• _Brief_
Only the lines from the "Inicia en Yucatán" line through the last line of the material below belong in the answer, reproduced exactly and with no pictures.

• _Exercise data_
*****
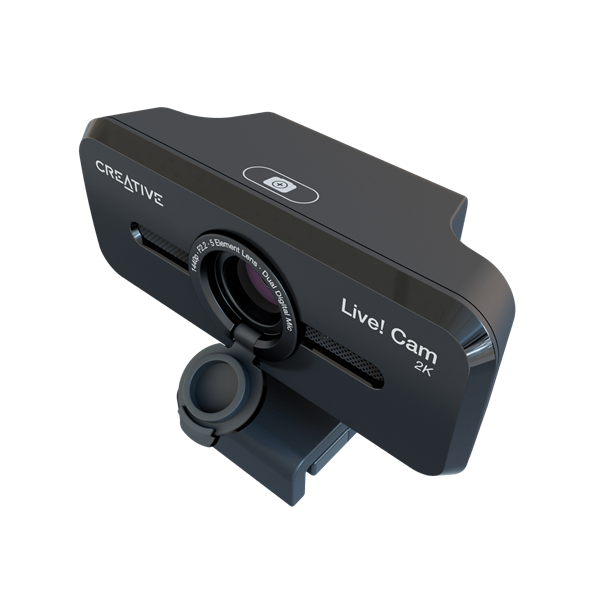 Creative Labs Live! Cam Sync V3 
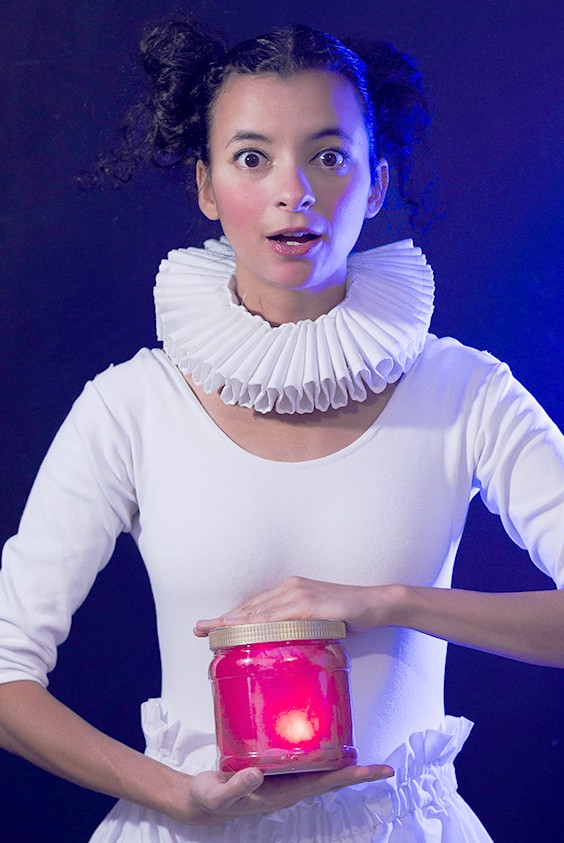 Inicia en Yucatán el XXI Festival Nacional de Teatro a Una Sola Voz
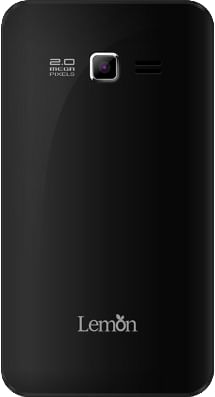 Lemon P5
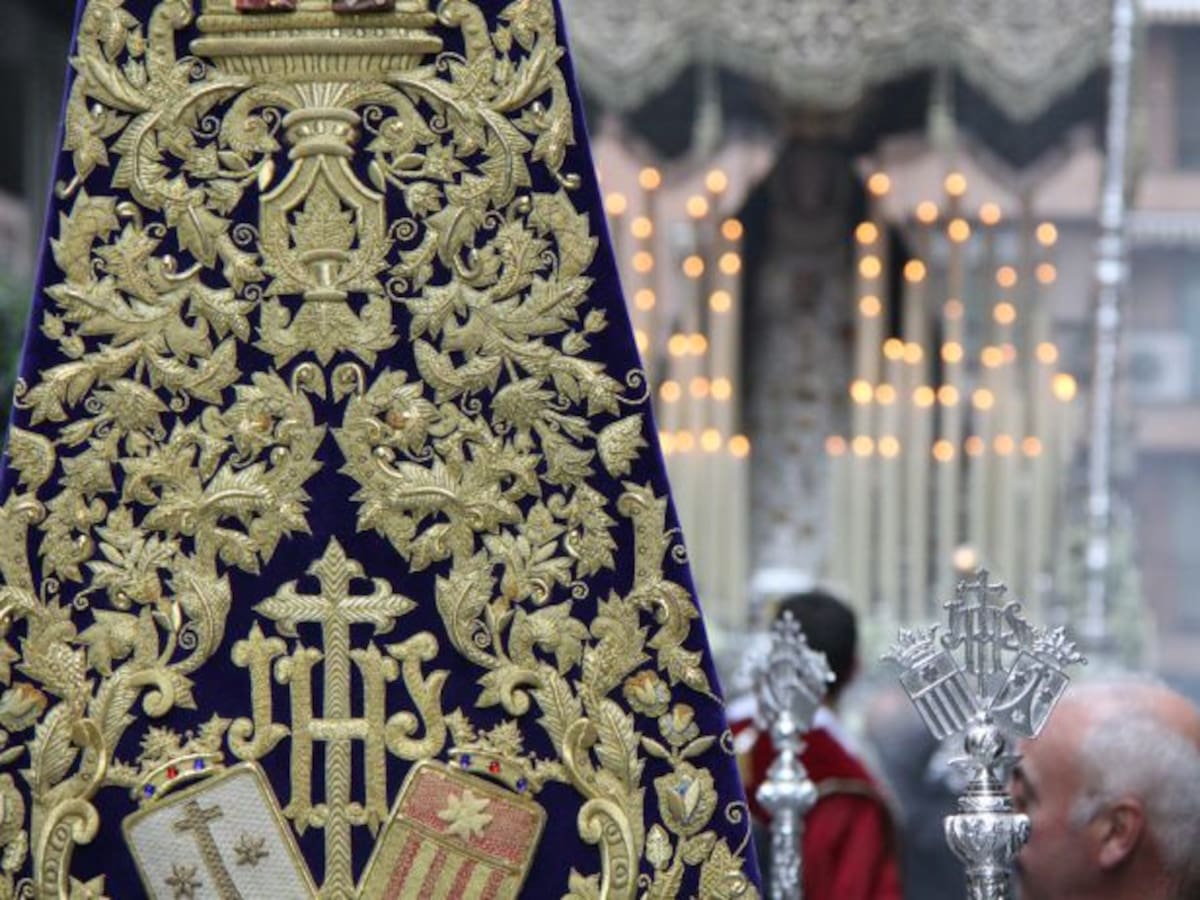 Empiezan los actos del 800 aniversario de La Merced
*****
• _Exercise result_
 Inicia en Yucatán el XXI Festival Nacional de Teatro a Una Sola Voz
 Lemon P5
 Empiezan los actos del 800 aniversario de La Merced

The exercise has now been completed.